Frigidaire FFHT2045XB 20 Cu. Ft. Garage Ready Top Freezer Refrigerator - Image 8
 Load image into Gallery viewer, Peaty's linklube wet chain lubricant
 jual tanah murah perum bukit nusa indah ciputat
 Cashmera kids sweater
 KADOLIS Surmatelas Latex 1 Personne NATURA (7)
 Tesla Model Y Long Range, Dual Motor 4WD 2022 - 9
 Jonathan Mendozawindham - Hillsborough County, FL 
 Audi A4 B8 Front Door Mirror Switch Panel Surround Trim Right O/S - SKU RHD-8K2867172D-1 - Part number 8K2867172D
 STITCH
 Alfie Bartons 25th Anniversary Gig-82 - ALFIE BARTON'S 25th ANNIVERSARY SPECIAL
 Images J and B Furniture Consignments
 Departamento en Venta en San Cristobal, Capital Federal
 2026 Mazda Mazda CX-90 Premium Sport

•••

▶ _Goal of the exercise_: Whatever appears in the data above should be set down again exactly.

▶ _Output of the task_:
Frigidaire FFHT2045XB 20 Cu. Ft. Garage Ready Top Freezer Refrigerator - Image 8
 Load image into Gallery viewer, Peaty's linklube wet chain lubricant
 jual tanah murah perum bukit nusa indah ciputat
 Cashmera kids sweater
 KADOLIS Surmatelas Latex 1 Personne NATURA (7)
 Tesla Model Y Long Range, Dual Motor 4WD 2022 - 9
 Jonathan Mendozawindham - Hillsborough County, FL 
 Audi A4 B8 Front Door Mirror Switch Panel Surround Trim Right O/S - SKU RHD-8K2867172D-1 - Part number 8K2867172D
 STITCH
 Alfie Bartons 25th Anniversary Gig-82 - ALFIE BARTON'S 25th ANNIVERSARY SPECIAL
 Images J and B Furniture Consignments
 Departamento en Venta en San Cristobal, Capital Federal
 2026 Mazda Mazda CX-90 Premium Sport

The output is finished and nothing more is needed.